» **EXERCISE AIM**:
For each line below that holds "Moisturizing", return the line as it stands.

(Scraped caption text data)
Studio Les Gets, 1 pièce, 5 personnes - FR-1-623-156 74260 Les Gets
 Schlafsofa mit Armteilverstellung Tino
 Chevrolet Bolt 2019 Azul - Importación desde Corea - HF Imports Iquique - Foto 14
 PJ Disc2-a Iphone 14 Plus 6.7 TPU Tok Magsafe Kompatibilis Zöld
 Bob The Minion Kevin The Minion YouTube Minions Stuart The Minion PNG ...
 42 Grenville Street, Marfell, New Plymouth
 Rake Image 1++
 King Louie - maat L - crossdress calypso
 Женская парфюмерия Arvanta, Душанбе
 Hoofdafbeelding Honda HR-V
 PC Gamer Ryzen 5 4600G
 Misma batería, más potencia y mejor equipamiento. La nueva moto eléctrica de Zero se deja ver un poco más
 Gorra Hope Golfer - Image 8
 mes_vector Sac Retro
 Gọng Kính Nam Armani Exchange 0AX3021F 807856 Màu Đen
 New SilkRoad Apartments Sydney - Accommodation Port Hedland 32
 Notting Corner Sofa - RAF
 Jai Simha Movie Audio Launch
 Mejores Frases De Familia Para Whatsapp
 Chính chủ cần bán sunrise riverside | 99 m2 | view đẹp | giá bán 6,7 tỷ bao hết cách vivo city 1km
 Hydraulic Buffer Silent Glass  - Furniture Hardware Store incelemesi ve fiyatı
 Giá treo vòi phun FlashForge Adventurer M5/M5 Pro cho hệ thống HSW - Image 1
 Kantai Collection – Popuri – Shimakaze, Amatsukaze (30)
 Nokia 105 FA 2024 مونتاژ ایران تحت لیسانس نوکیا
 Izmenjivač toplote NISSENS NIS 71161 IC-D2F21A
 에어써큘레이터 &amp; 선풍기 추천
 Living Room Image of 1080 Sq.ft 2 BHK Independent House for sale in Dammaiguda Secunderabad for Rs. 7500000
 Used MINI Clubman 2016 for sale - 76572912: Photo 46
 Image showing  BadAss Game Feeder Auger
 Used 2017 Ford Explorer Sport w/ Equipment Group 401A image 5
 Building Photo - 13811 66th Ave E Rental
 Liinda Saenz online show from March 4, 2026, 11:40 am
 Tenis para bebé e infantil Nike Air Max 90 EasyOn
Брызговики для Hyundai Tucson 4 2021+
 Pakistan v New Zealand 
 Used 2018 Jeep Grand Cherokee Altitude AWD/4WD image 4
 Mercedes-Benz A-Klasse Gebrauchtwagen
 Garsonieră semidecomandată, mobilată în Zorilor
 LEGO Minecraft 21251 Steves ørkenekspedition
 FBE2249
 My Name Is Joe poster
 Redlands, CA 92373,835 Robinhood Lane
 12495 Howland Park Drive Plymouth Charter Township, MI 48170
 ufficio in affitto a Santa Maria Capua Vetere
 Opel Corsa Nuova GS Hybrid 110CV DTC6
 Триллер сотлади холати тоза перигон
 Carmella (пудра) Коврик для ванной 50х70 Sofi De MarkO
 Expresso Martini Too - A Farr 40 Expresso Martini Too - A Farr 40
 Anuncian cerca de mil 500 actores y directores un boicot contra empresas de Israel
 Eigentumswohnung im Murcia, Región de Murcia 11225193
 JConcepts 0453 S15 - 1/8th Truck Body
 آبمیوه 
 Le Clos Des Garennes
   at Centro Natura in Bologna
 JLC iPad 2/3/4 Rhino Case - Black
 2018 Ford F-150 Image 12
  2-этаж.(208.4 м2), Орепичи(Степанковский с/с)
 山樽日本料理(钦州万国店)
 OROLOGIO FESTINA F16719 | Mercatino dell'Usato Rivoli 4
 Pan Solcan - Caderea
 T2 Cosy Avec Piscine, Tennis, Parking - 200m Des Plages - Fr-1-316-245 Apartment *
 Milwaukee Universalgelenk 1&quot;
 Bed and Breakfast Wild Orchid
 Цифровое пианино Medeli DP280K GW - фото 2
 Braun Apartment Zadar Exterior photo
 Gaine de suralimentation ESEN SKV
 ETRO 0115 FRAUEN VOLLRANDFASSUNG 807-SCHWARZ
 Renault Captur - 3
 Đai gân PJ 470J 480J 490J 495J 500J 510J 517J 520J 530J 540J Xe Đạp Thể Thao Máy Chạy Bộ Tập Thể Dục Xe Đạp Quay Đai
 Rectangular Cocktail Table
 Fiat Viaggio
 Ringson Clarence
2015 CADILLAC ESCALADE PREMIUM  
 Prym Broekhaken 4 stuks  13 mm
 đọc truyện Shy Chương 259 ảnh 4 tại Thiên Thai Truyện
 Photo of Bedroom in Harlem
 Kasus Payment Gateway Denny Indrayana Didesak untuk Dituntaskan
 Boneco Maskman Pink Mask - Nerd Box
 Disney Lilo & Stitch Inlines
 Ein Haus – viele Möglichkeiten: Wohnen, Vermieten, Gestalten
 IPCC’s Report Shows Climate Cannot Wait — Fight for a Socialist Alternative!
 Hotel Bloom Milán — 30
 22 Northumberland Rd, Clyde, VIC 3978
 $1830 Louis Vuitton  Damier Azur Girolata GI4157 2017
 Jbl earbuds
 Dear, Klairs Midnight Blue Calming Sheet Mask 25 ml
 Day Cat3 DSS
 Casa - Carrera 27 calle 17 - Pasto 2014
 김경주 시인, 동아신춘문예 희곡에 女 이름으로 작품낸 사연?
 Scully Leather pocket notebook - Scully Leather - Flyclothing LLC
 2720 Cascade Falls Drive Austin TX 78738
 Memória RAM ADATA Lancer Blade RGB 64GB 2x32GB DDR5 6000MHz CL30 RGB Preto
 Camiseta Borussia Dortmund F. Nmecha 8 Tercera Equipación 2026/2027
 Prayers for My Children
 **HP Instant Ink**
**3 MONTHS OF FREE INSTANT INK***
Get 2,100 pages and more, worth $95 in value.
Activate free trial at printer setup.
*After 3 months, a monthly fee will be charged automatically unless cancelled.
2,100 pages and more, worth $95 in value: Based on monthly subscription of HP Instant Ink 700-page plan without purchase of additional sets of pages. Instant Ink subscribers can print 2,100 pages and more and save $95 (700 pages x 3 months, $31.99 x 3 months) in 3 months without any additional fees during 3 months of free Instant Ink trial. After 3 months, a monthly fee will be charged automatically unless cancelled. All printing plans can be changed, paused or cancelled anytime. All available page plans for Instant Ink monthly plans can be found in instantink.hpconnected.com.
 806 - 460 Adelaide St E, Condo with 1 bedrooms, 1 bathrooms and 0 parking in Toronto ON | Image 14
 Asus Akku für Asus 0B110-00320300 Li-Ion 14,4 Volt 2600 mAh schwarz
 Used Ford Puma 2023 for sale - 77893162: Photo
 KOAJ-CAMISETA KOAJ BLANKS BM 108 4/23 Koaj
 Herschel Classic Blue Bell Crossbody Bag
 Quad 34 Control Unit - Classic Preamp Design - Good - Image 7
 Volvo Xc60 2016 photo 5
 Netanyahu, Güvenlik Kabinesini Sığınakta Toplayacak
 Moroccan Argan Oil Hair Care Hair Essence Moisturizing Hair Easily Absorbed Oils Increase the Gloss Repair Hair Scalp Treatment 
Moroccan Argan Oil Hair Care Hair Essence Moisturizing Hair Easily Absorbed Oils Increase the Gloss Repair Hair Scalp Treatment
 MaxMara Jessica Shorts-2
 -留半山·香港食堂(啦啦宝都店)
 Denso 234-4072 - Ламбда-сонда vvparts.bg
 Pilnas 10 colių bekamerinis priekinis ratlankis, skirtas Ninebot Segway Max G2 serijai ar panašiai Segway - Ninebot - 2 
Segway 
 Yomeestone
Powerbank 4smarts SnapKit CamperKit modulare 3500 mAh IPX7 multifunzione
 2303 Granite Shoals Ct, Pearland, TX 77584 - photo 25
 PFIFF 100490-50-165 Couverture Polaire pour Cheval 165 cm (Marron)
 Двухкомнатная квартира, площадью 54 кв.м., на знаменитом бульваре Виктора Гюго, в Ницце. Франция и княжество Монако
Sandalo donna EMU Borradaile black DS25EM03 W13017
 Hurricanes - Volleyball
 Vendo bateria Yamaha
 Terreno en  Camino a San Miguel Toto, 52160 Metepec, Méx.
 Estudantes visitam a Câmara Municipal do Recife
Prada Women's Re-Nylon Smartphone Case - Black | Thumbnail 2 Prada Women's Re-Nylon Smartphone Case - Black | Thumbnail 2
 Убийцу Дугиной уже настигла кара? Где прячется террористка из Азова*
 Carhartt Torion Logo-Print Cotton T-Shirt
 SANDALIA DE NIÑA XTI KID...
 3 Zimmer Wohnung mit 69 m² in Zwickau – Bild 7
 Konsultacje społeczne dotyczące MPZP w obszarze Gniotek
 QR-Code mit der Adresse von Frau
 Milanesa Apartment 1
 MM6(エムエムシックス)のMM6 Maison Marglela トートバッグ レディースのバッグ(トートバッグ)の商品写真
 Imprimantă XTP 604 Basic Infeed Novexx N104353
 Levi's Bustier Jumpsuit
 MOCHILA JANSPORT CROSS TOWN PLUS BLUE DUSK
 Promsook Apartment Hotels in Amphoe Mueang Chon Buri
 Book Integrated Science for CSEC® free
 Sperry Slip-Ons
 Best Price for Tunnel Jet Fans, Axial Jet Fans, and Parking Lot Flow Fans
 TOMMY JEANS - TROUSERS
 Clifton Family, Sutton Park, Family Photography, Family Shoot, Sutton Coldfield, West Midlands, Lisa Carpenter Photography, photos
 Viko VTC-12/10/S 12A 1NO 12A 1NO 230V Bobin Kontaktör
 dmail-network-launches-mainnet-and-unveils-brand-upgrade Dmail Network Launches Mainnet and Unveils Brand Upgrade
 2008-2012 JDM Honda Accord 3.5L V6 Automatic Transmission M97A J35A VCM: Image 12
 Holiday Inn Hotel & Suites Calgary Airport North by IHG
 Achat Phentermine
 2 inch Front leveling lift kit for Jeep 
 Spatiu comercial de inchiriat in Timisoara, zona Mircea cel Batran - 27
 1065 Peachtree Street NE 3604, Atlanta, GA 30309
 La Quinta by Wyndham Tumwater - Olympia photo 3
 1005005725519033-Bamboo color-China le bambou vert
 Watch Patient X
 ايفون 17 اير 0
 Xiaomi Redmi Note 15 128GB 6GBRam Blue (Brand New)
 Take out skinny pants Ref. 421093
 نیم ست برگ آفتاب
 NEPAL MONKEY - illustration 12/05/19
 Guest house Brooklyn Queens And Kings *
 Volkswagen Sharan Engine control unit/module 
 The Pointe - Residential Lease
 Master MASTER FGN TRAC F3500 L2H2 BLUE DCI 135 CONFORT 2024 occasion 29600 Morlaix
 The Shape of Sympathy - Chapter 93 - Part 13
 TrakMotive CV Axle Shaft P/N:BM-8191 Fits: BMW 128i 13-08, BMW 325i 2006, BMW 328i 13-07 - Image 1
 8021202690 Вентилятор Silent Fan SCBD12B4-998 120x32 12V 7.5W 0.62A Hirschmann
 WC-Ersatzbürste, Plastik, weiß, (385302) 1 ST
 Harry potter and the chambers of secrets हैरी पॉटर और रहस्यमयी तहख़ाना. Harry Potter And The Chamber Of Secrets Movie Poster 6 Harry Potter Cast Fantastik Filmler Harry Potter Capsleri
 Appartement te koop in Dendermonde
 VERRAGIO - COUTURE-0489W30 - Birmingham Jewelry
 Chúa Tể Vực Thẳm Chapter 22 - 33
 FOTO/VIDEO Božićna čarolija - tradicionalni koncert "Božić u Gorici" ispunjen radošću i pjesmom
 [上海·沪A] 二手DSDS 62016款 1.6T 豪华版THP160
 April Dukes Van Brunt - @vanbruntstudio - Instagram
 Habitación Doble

» **SOLUTION TO THIS PROBLEM**:
 Moroccan Argan Oil Hair Care Hair Essence Moisturizing Hair Easily Absorbed Oils Increase the Gloss Repair Hair Scalp Treatment 
Moroccan Argan Oil Hair Care Hair Essence Moisturizing Hair Easily Absorbed Oils Increase the Gloss Repair Hair Scalp Treatment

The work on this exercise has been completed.